Instructions to follow: Copy out the data in full and exactly, passing over the pictures.
**** Source information ****
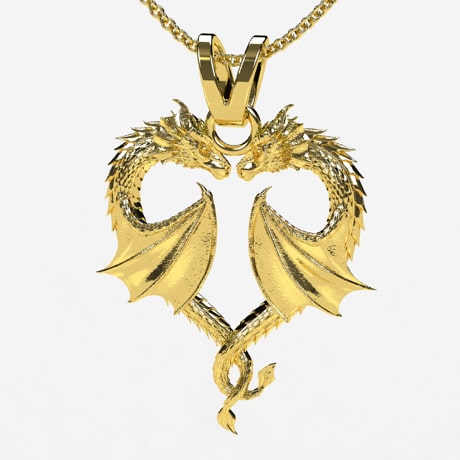 24k Gold Dragon Pendant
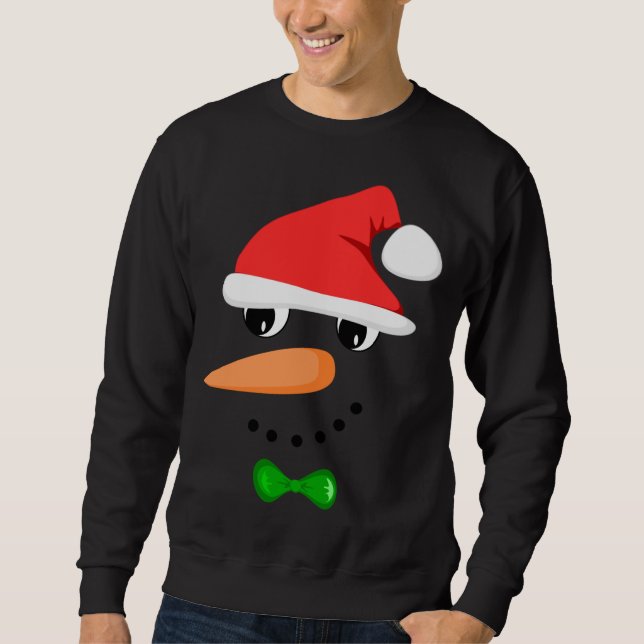 Niedlich Santa Snowman Face Funny Christmas Snowma Sweatshirt (Vorderseite)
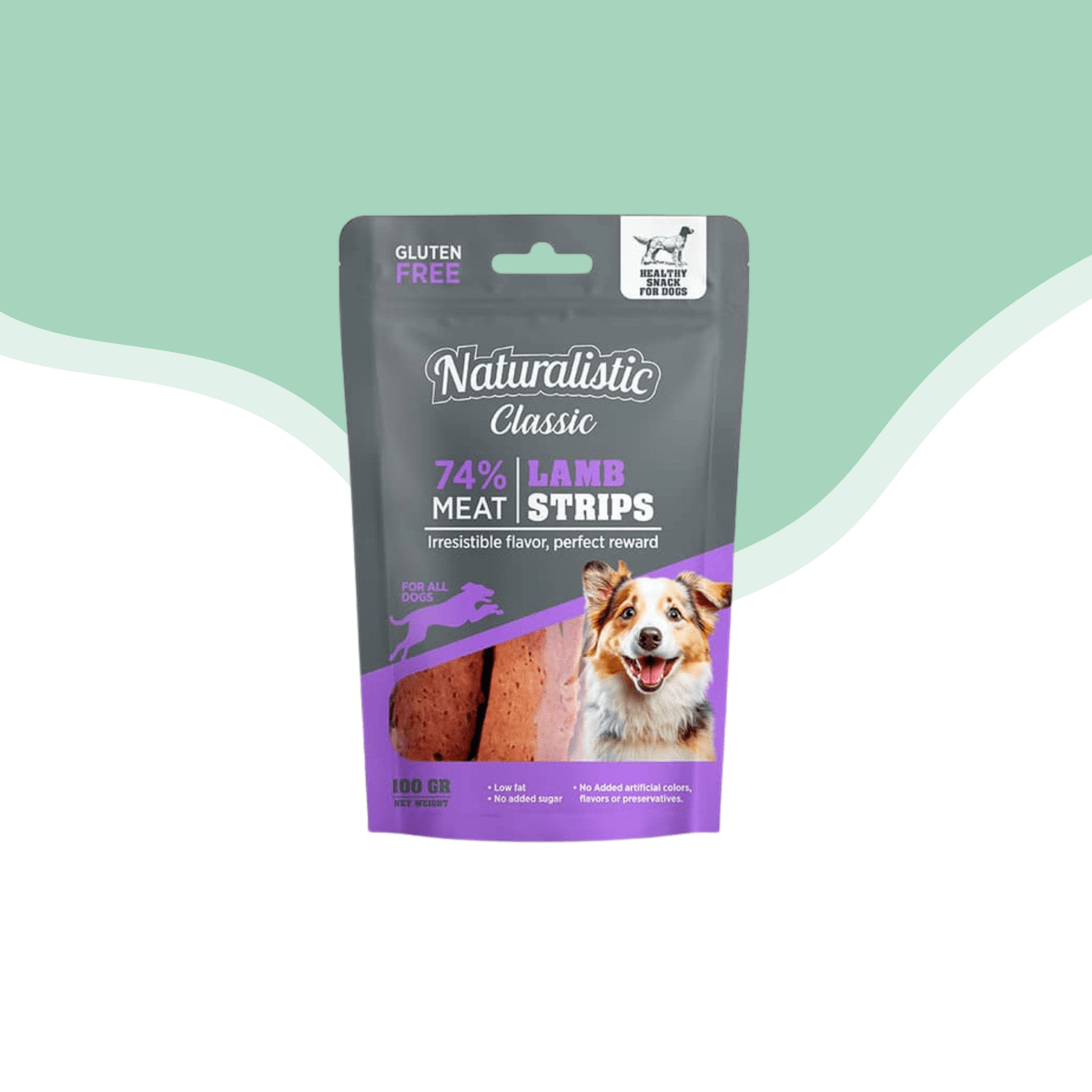 Naturalistic cordero strip perro 100 gr1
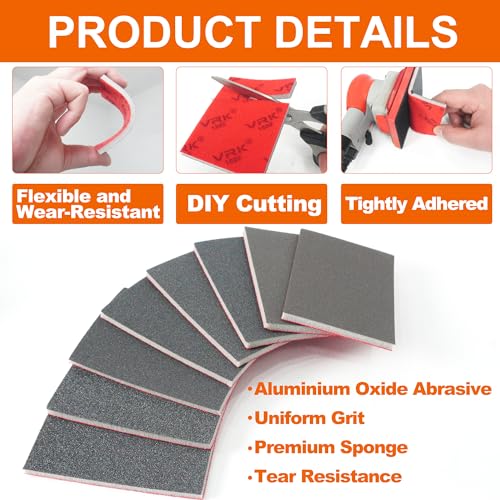 28 Pcs 240 Grit Sanding Sponge,Ultra Fine Sandpaper,Soft Foam Hand Sander Block Wet Dry Sanding Pads for Automobile Wood Furniture Metal Drywall Polishing - style: 240 Grit 28PCS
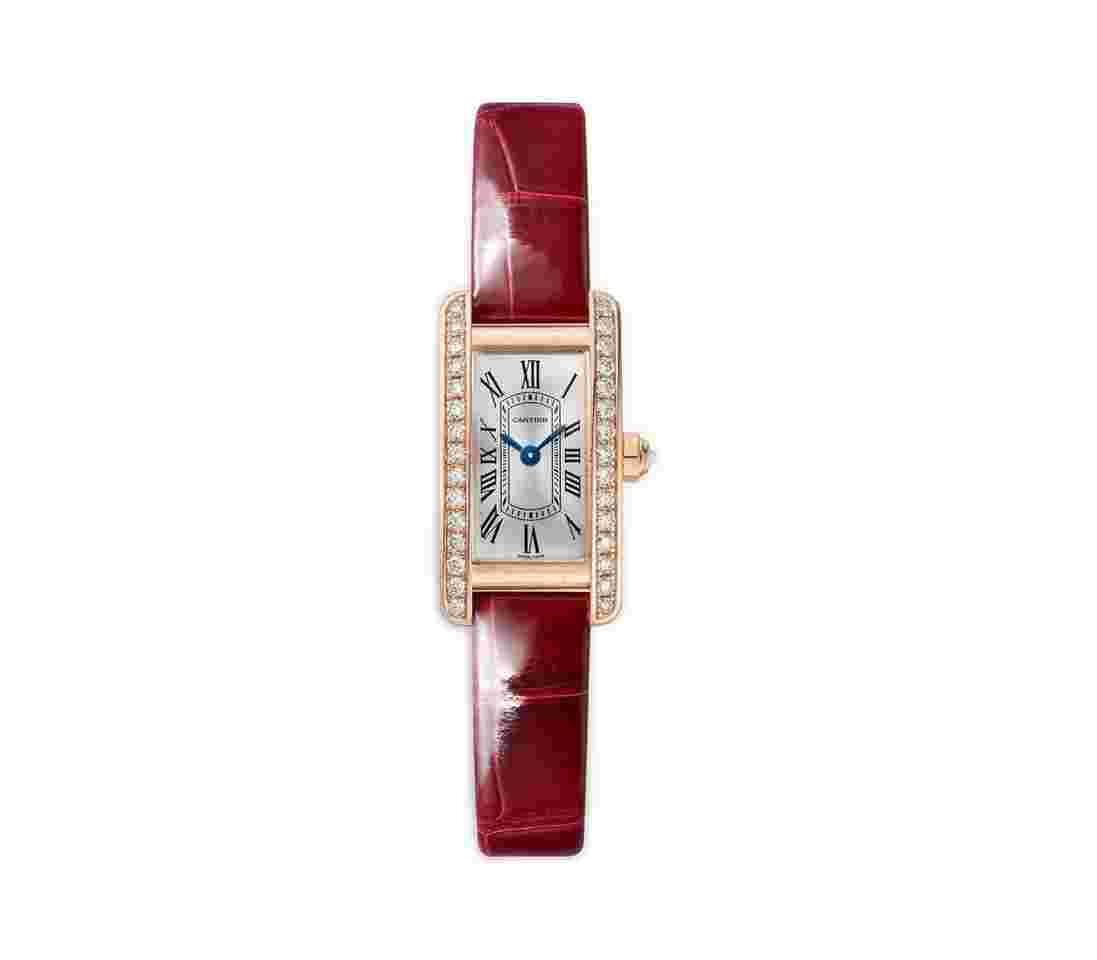 Cartier Tank Américaine
                           
                                 15mm Tank Americaine 18k Rose Gold Diamond Bezel Quartz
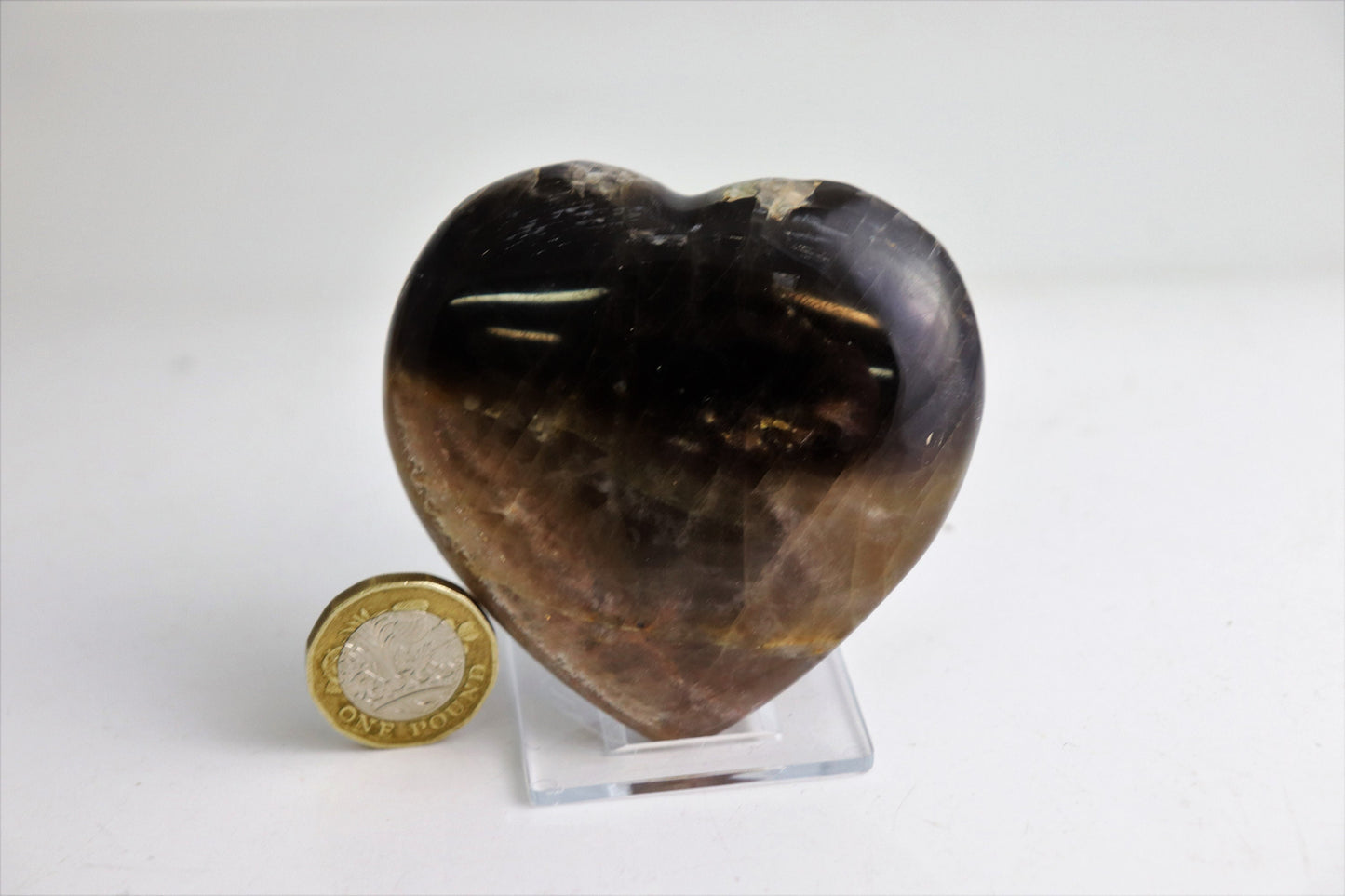 heart crystal black moonstone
****
Solution to this task:
 24k Gold Dragon Pendant
 Niedlich Santa Snowman Face Funny Christmas Snowma Sweatshirt (Vorderseite)
 Naturalistic cordero strip perro 100 gr1
 28 Pcs 240 Grit Sanding Sponge,Ultra Fine Sandpaper,Soft Foam Hand Sander Block Wet Dry Sanding Pads for Automobile Wood Furniture Metal Drywall Polishing - style: 240 Grit 28PCS
 Cartier Tank Américaine
                           
                                 15mm Tank Americaine 18k Rose Gold Diamond Bezel Quartz
 heart crystal black moonstone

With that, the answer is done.